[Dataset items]
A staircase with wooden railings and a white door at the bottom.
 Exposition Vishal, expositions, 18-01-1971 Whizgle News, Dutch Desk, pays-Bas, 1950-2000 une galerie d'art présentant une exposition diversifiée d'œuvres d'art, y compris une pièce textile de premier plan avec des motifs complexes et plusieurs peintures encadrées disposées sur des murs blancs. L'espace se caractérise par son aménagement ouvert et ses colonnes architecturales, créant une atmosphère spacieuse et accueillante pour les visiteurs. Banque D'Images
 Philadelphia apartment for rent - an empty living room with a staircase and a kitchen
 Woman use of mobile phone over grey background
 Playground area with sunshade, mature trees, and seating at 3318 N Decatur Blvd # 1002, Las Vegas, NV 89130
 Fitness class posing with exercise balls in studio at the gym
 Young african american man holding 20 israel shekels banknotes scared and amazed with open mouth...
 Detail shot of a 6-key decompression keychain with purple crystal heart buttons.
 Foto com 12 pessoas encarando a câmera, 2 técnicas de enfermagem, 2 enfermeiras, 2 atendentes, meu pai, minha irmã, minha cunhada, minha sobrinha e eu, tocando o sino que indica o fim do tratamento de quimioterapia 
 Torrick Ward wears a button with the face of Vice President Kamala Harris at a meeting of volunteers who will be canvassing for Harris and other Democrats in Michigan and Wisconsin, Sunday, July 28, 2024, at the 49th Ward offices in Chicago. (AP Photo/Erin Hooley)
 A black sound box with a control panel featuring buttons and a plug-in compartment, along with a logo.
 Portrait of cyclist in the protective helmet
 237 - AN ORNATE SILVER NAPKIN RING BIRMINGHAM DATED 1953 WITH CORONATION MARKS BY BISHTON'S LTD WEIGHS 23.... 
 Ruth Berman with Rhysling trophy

## AIM OF THE EXERCISE
Every line above that holds the string "buttons" counts once; give the total and nothing more.

## ANSWER FOR THE TASK
2